What you will do |
Repeat, word for word, every line from the line holding "Animation of binary" through the final line of the entries below. Skip all pictures.

═══ Task material ═══

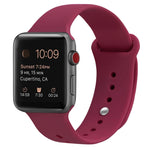 Pulseira substituta de silicone para Apple Watch Series 7 41mm / 6 & SE & 5 & 4 40mm / 3 & 2 & 1 38mm, 7 45mm / 6 & SE & 5 & 4 44mm / 3 & 2 & 1 42mm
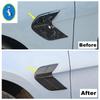 Side Door Body Leaf Board Panel Decoration Cover Trim For BYD Seal EV   2024 Chrome / Carbon Fiber Look Car Accessories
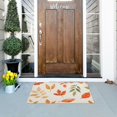 thumbnail image 5 of Yayeee Doormat for Indoor Entrance 32" x 20" Non Slippery Floor Rug, Beige Autumn Leaves, 5 of 8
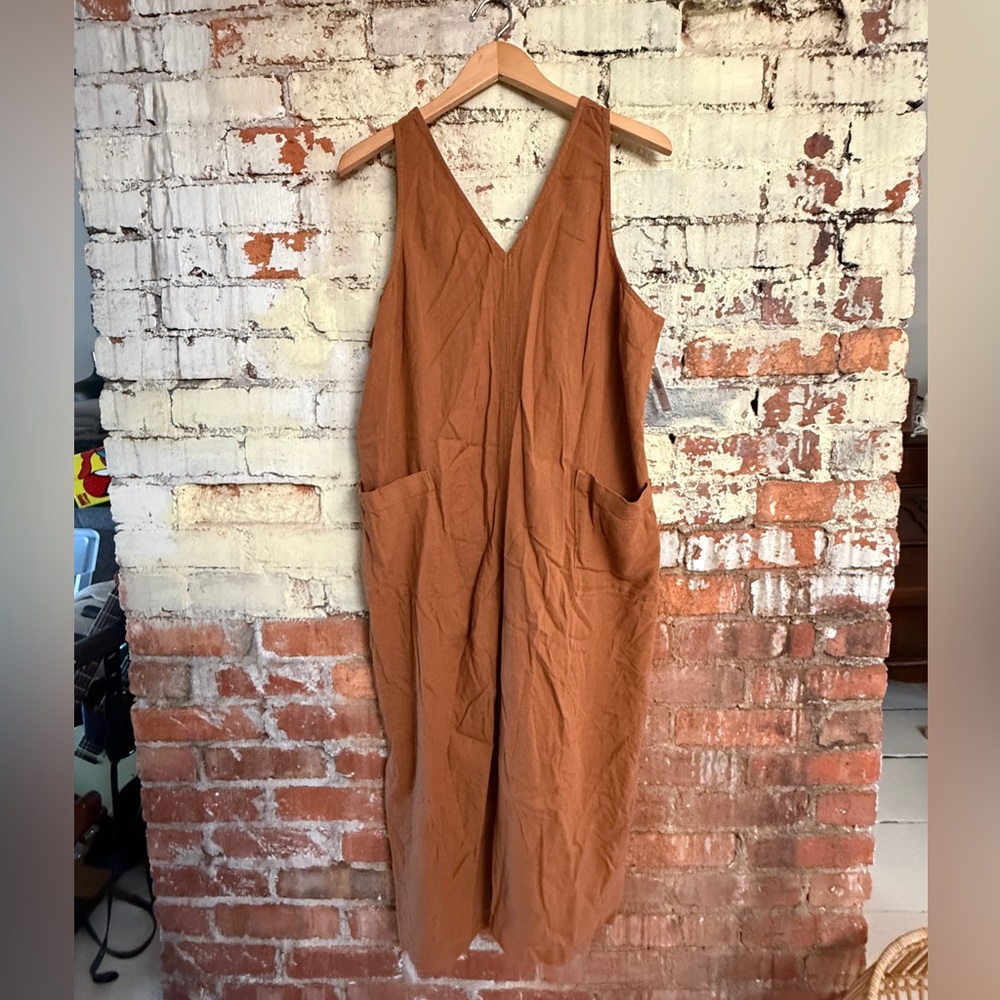 Old Navy Brown Sleeveless Shift Dress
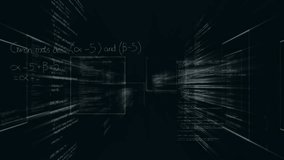 Animation of binary code and scientific data on black background. science, human biology, technology and digital interface concept digitally generated video. - Powered by Shutterstock - Get 15% off with code: PIKWIZARD15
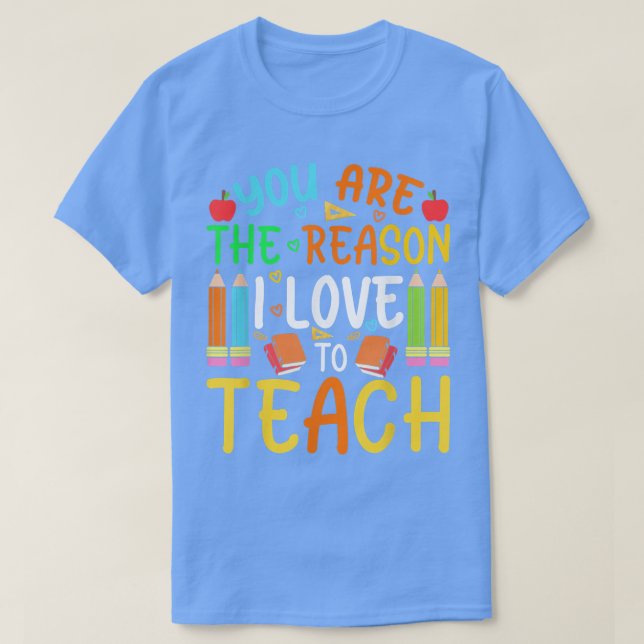 Du bist der Grund, warum ich Liebe habe, den Kinde T-Shirt (Design vorne)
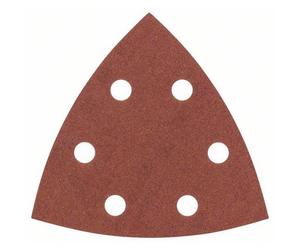 Bosch Accessories 2607017110 Carta abrasiva a delta a strappo, perforato Dimen
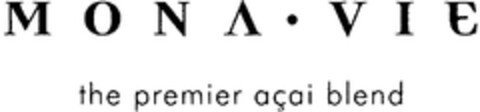 MONA · VIE the premier açai blend Logo (WIPO, 27.01.2011)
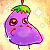 kawaii eggplant emoji [F2U]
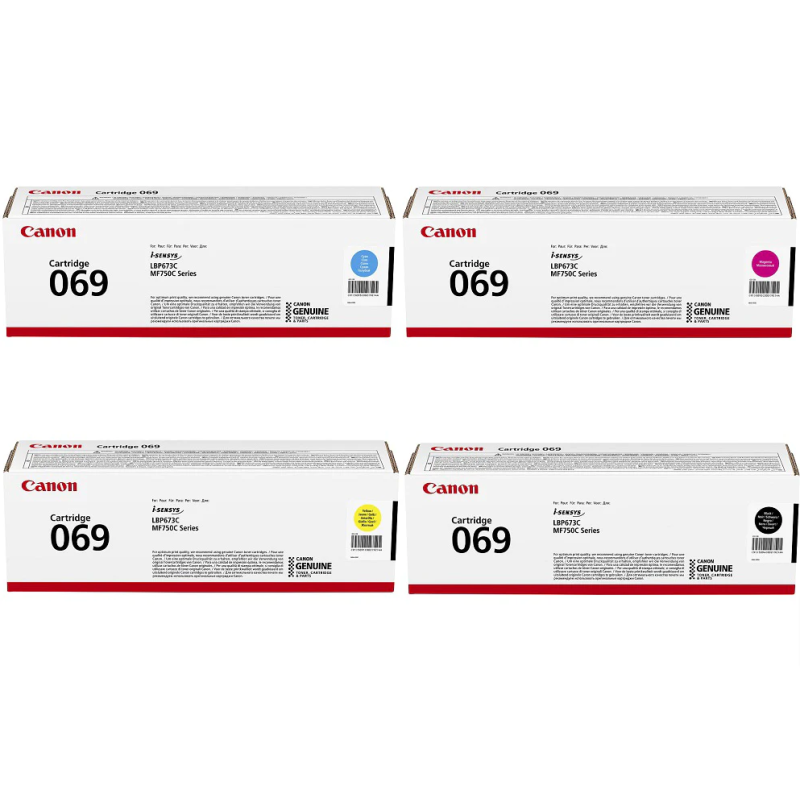 Cartouche toner canon 069 original noir cyan magenta yellow Cartouche toner canon 069 original noir cyan magenta yellow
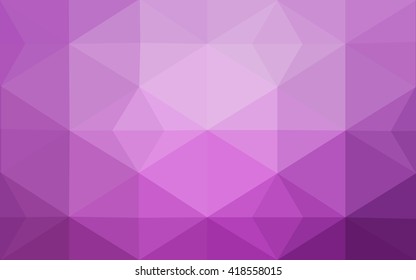 Pink polygonal illustration, which consist of triangles. Geometric background in Origami style with gradient. Triangular design for your business.
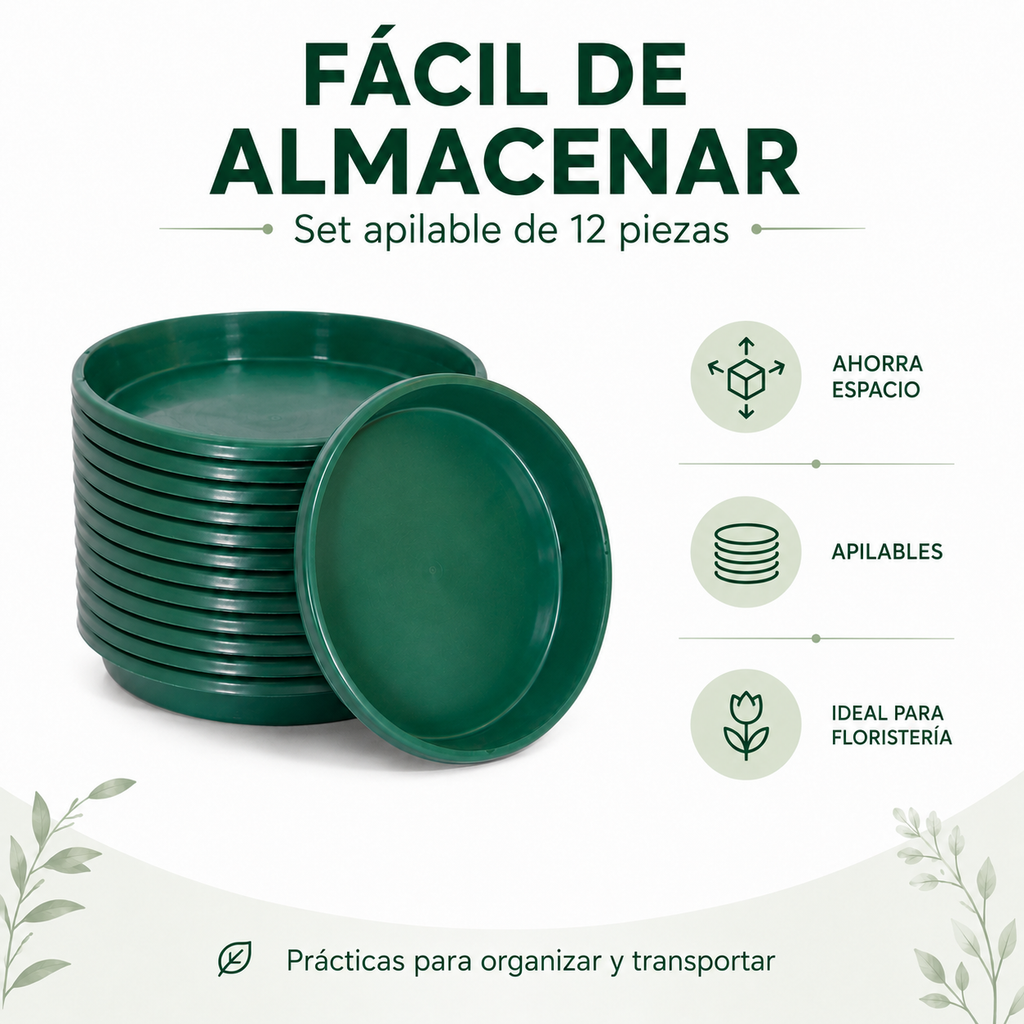 Charolas de Plastico para Arreglo Floral ( 12 Piezas )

═══

Result below |
 Animation of binary code and scientific data on black background. science, human biology, technology and digital interface concept digitally generated video. - Powered by Shutterstock - Get 15% off with code: PIKWIZARD15
 Du bist der Grund, warum ich Liebe habe, den Kinde T-Shirt (Design vorne)
 Bosch Accessories 2607017110 Carta abrasiva a delta a strappo, perforato Dimen
 MONA · VIE the premier açai blend Logo (WIPO, 27.01.2011)
 kawaii eggplant emoji [F2U]
 Cartouche toner canon 069 original noir cyan magenta yellow Cartouche toner canon 069 original noir cyan magenta yellow
 Pink polygonal illustration, which consist of triangles. Geometric background in Origami style with gradient. Triangular design for your business.
 Charolas de Plastico para Arreglo Floral ( 12 Piezas )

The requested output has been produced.